A recent newspaper report that a Rs. 35 million project has been launched by the Central Cultural Fund, Geological Survey and Mines Bureau to conserve the historical Sigiriya mirror wall and frescoes, prompted me to write this piece on the inter-relationship between these two artistic achievements of the fifth century.

In the original Sigiriya complex a gallery four to five feet wide, paved with slabs of limestone, and protected by a brick parapet on the outside ran alongside the western face of the rock. The inner face of the parapet was given a high polished surface - a durable glaze believed to have been contrived of lime, egg white and wild honey that gave it a mirror-like finish. The rockface above the gallery was decorated with fresco paintings of pretty women, given the appearance of looking down on visitors who passed along the gallery.

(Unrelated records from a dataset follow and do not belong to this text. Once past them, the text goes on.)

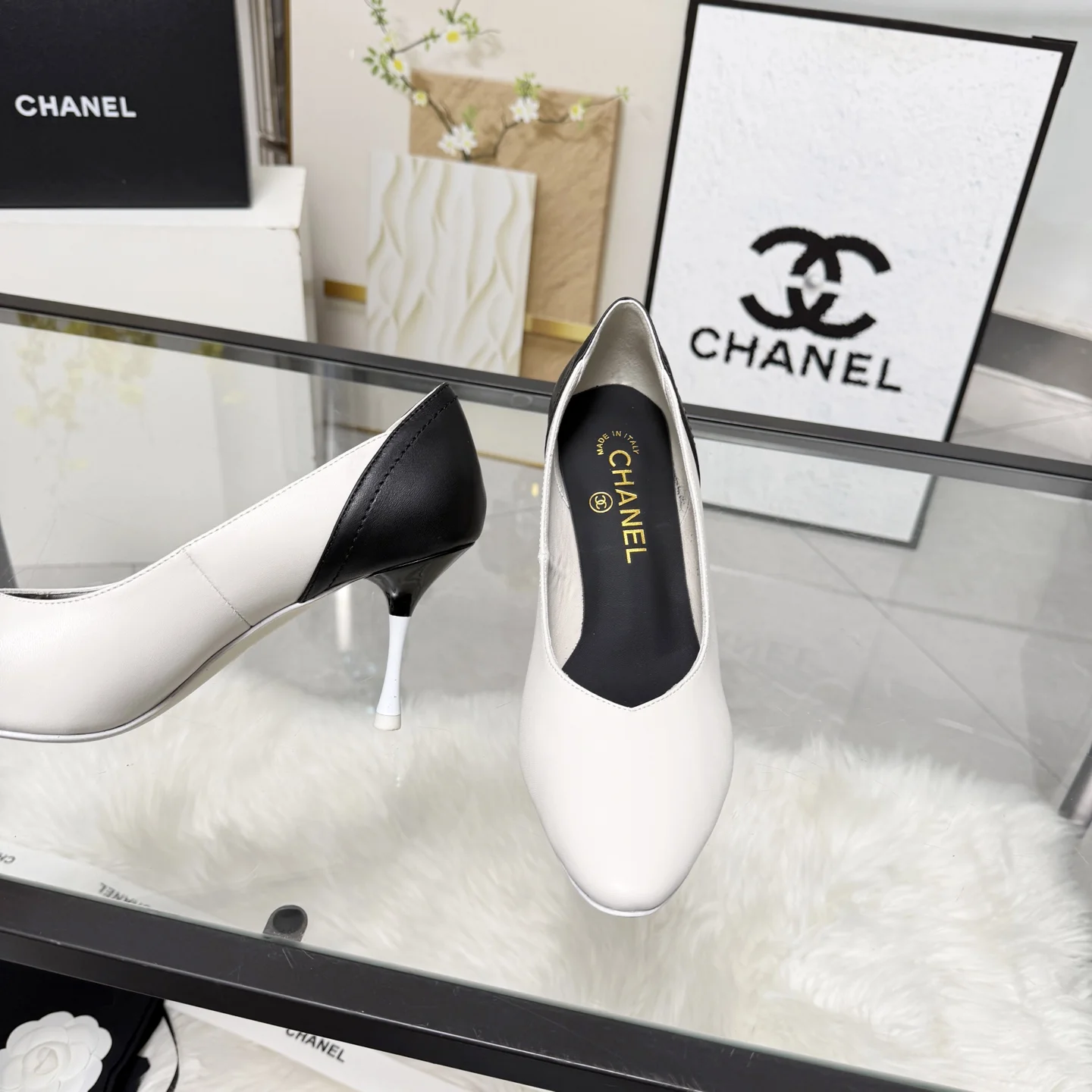 CHANEL Flats Leather Black-White EU35-41 B60202609110254 - Image 7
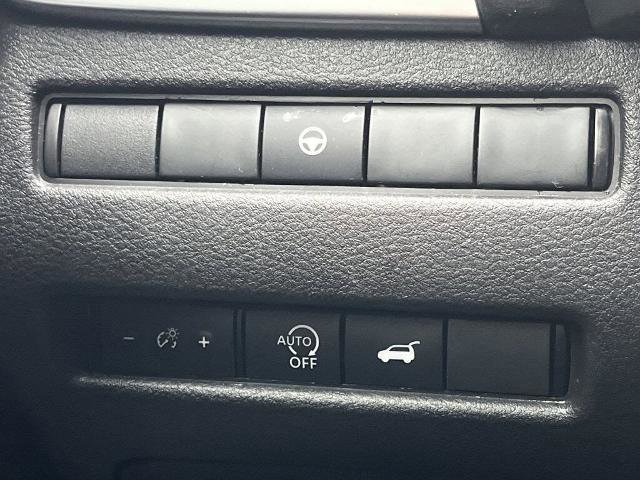 Certified 2023 Nissan Rogue SL w/ SL Premium Package image 12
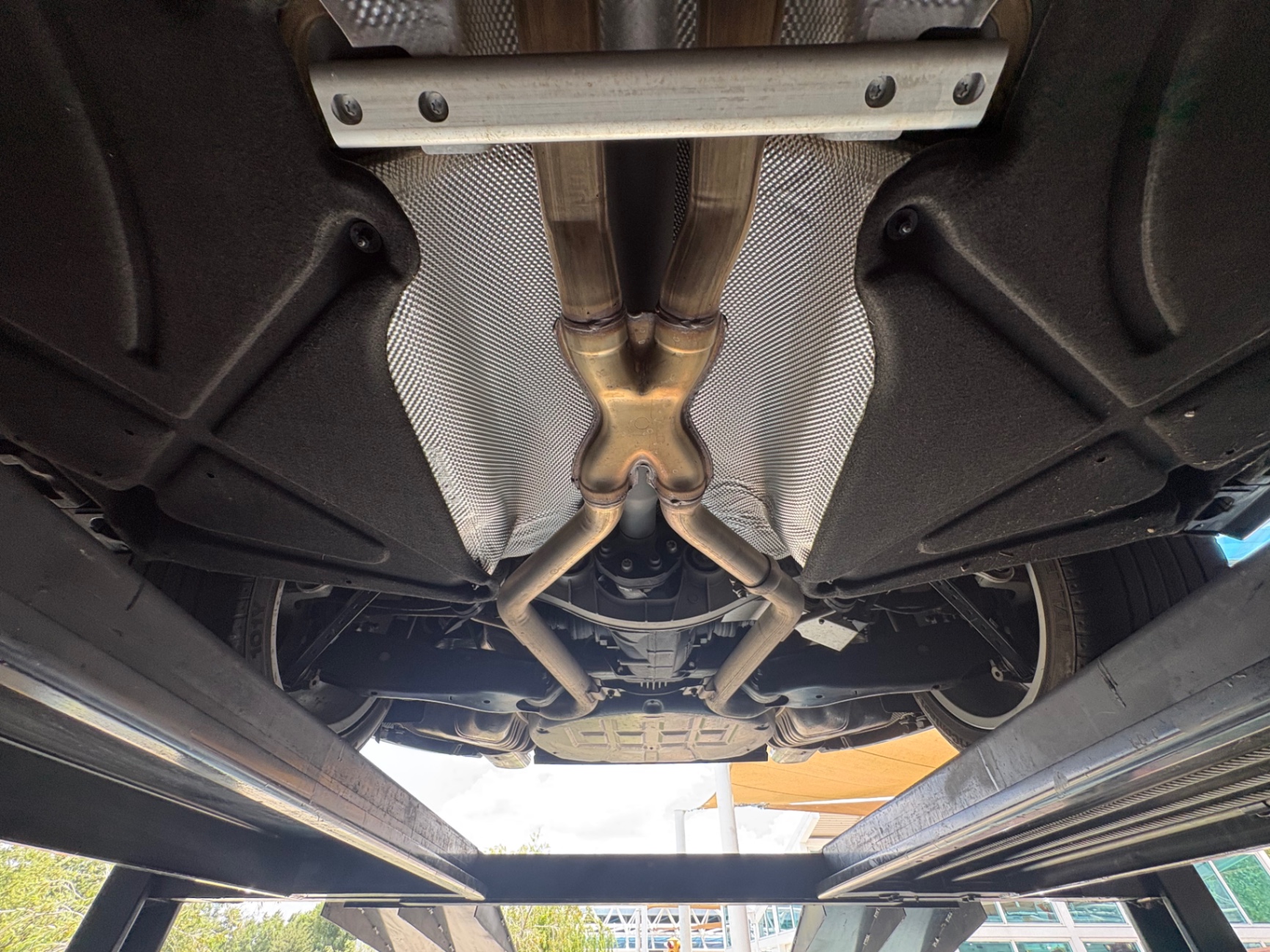 Vehicle photo 55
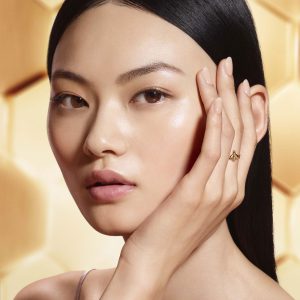 ضدآفتاب فلویید ابی رویال گرلن SPF50 مدل UV Skin Defense - عکس 4 | خوشگل شو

When the archaeological Survey was conducted a little over a century ago, only 22 frescoes were found protected in a pocket of rock 40 feet above the gallery, and only a small portion of the mirror wall remained. On this fragment of mirror wall were found a wealth of graffiti inscribed with metal styluses by visitors, giving their impressions of the "golden girls" above them - a great many of them in verse.

Professor Senarath Paranavitana, one-time Commissioner of Archaeology, deciphered and published nearly 700 of these graffiti. Here are some translations of the impressions of enraptured visitors who walked that gallery between the 6th and 10th centuries. One of them wrote:

"Sweet girl, standing on the mountain,
Your teeth are like jewels lighting up the lotus of your eyes."
Another
"The girl with golden skin
enticed my mind and eyes,
her lovely breasts made me recall

Swans drunk with nectar".
Yet another lamented the stony-hearted indifference of these damsels:

"We spoke but they did not responds,
The ladies of the mountain,
They did not give us even the
twitch of an eyelid.

There were many more verses in this vein, but none of them gave any indication of who the golden girls

were supposed to represent.
In fact one of the visitors did ask, tongue in cheek:
"Are they human or divine,
Had they been women
Could they possibly have
Remained silent, long

Yes indeed, who were the golden girls of Sigiriya? There have been several educated guesses. Bell, an early Archaeological Commissioner, thought they could represent the wives or ladies of king Kassapa's court.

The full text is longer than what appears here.